PROVIDED ENTRIES section start
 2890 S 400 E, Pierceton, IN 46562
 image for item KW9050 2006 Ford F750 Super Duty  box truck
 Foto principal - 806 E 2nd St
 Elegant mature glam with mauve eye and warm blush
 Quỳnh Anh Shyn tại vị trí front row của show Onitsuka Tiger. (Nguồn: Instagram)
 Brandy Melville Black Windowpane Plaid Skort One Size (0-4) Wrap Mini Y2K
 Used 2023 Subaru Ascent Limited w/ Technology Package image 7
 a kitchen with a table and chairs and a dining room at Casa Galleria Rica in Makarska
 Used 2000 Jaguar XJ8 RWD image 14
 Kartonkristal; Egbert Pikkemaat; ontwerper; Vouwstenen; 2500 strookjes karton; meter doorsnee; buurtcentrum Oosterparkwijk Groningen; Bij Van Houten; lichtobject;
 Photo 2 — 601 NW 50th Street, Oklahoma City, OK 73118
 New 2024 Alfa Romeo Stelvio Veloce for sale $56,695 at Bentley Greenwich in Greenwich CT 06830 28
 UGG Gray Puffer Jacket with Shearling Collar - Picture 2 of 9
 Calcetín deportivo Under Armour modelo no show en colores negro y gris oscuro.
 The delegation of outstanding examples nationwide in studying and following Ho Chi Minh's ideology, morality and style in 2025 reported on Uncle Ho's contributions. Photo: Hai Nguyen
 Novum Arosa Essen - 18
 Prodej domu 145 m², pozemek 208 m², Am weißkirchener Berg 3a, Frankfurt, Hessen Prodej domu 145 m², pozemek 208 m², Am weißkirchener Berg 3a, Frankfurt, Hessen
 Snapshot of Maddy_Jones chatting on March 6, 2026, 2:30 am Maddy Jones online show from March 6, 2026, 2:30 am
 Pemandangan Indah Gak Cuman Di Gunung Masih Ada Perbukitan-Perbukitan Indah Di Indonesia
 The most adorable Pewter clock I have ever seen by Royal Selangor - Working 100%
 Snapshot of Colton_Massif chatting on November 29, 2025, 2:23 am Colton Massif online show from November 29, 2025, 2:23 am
PROVIDED ENTRIES section end
Where the word "Snapshot" occurs in a line of the entries above, count that line, and reply with the total only.

> _ANSWER BELOW_: 2